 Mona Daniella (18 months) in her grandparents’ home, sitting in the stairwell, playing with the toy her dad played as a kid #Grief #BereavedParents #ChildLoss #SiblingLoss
...
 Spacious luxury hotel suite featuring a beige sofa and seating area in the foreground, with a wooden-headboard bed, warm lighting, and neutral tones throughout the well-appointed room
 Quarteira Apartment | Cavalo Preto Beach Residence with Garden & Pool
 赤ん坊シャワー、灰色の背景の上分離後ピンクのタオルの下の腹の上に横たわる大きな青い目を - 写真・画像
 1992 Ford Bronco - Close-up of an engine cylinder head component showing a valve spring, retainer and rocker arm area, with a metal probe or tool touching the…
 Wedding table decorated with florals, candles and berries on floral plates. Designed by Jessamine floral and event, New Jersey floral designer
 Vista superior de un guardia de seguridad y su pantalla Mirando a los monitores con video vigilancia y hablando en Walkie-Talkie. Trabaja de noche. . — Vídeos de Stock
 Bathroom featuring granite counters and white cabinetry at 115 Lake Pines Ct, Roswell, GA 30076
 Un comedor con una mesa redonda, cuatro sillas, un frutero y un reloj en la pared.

> _Action item_
For this exercise, please output exactly the lines above starting at the line with "赤ん坊シャワー、灰色の背景の上分離後ピンクのタオルの下の腹の上に横たわる大きな青い目を - 写真・画像" and ending at the line with "Wedding table decorated", ends included.

> _Solution to this problem_
 赤ん坊シャワー、灰色の背景の上分離後ピンクのタオルの下の腹の上に横たわる大きな青い目を - 写真・画像
 1992 Ford Bronco - Close-up of an engine cylinder head component showing a valve spring, retainer and rocker arm area, with a metal probe or tool touching the…
 Wedding table decorated with florals, candles and berries on floral plates. Designed by Jessamine floral and event, New Jersey floral designer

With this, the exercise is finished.